▸ What is required:
Give back the entries that follow exactly as written. Any picture gets left out.

(Dataset items)
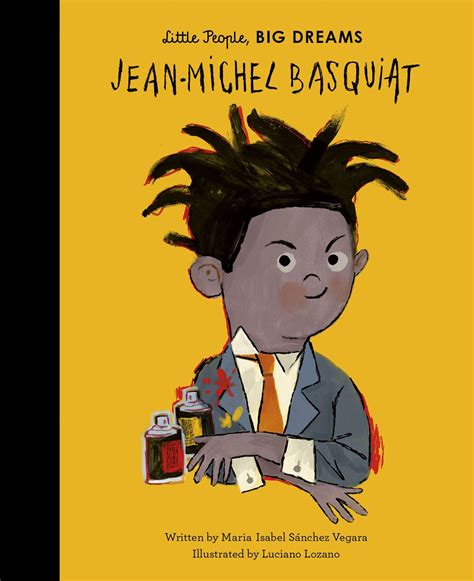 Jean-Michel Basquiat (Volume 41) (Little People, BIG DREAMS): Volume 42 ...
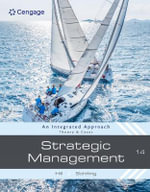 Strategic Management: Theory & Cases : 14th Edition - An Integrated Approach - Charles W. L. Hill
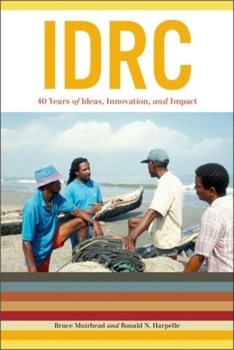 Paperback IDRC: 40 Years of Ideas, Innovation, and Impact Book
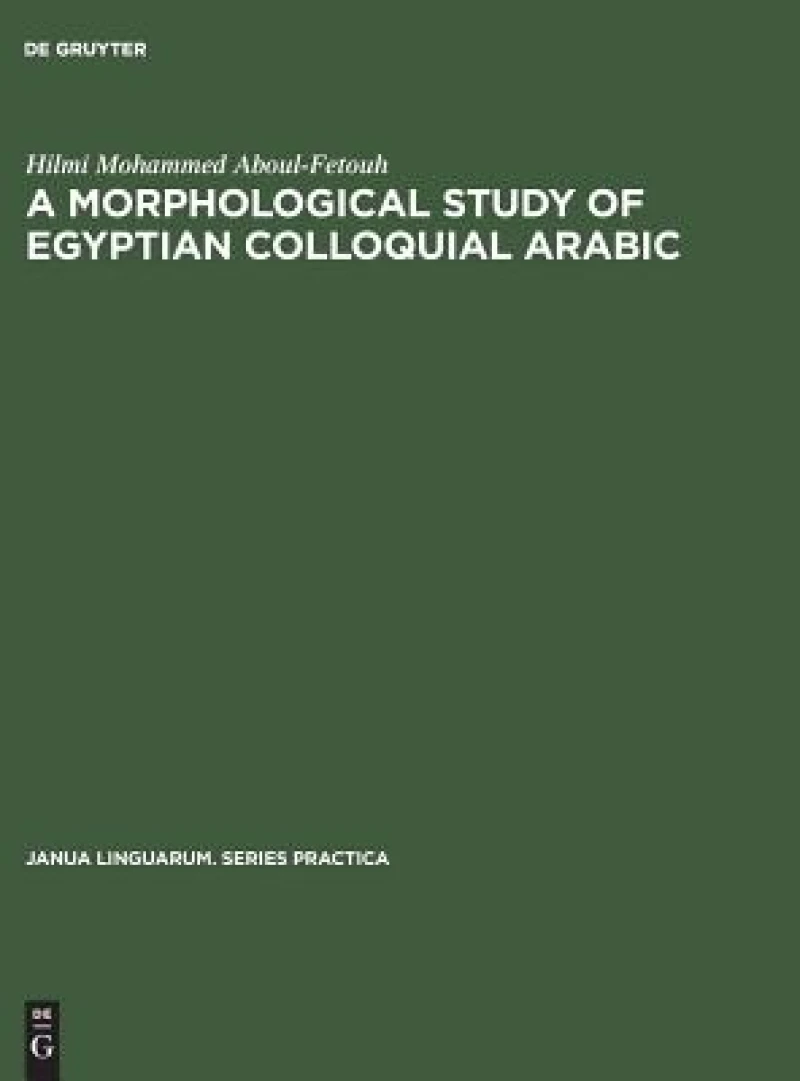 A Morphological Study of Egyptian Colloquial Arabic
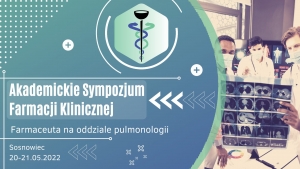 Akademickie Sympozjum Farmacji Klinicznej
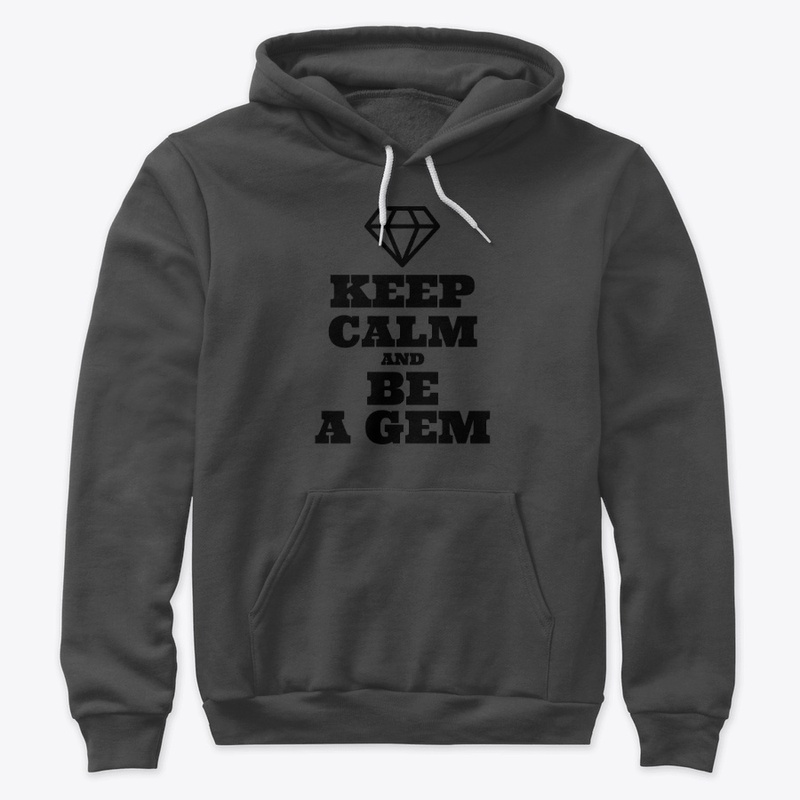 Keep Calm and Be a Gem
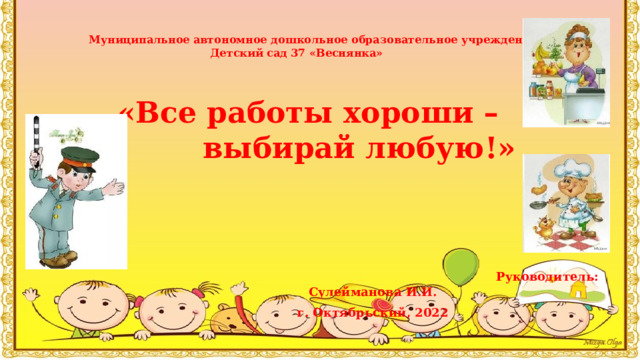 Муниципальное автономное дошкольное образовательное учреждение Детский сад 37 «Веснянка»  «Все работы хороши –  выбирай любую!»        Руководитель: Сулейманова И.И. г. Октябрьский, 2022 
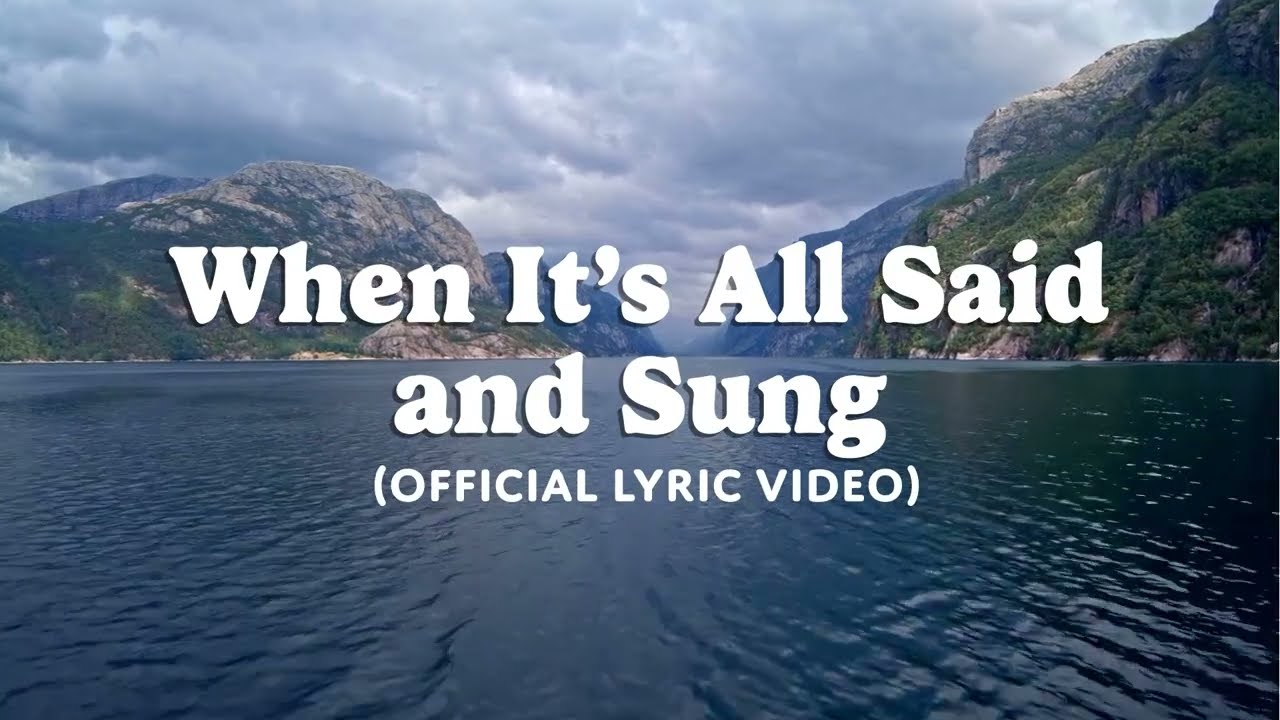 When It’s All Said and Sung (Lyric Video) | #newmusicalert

▸ Response to the task:
 Jean-Michel Basquiat (Volume 41) (Little People, BIG DREAMS): Volume 42 ...
 Strategic Management: Theory & Cases : 14th Edition - An Integrated Approach - Charles W. L. Hill
 Paperback IDRC: 40 Years of Ideas, Innovation, and Impact Book
 A Morphological Study of Egyptian Colloquial Arabic
 Akademickie Sympozjum Farmacji Klinicznej
 Keep Calm and Be a Gem
 Муниципальное автономное дошкольное образовательное учреждение Детский сад 37 «Веснянка»  «Все работы хороши –  выбирай любую!»        Руководитель: Сулейманова И.И. г. Октябрьский, 2022 
 When It’s All Said and Sung (Lyric Video) | #newmusicalert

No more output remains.